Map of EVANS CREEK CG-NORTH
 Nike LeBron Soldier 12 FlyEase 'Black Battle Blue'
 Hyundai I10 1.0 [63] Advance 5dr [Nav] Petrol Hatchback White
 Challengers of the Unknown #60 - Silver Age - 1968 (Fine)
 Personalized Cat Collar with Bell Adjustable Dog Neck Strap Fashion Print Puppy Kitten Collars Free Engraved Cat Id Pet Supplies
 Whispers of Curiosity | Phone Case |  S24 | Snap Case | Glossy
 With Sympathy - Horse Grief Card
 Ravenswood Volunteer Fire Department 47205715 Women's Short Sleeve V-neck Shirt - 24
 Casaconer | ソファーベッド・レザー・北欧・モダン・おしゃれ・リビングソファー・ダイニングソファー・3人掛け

§

What needs to be done
All the records, as written, must be given again.

Expected answer
Map of EVANS CREEK CG-NORTH
 Nike LeBron Soldier 12 FlyEase 'Black Battle Blue'
 Hyundai I10 1.0 [63] Advance 5dr [Nav] Petrol Hatchback White
 Challengers of the Unknown #60 - Silver Age - 1968 (Fine)
 Personalized Cat Collar with Bell Adjustable Dog Neck Strap Fashion Print Puppy Kitten Collars Free Engraved Cat Id Pet Supplies
 Whispers of Curiosity | Phone Case |  S24 | Snap Case | Glossy
 With Sympathy - Horse Grief Card
 Ravenswood Volunteer Fire Department 47205715 Women's Short Sleeve V-neck Shirt - 24
 Casaconer | ソファーベッド・レザー・北欧・モダン・おしゃれ・リビングソファー・ダイニングソファー・3人掛け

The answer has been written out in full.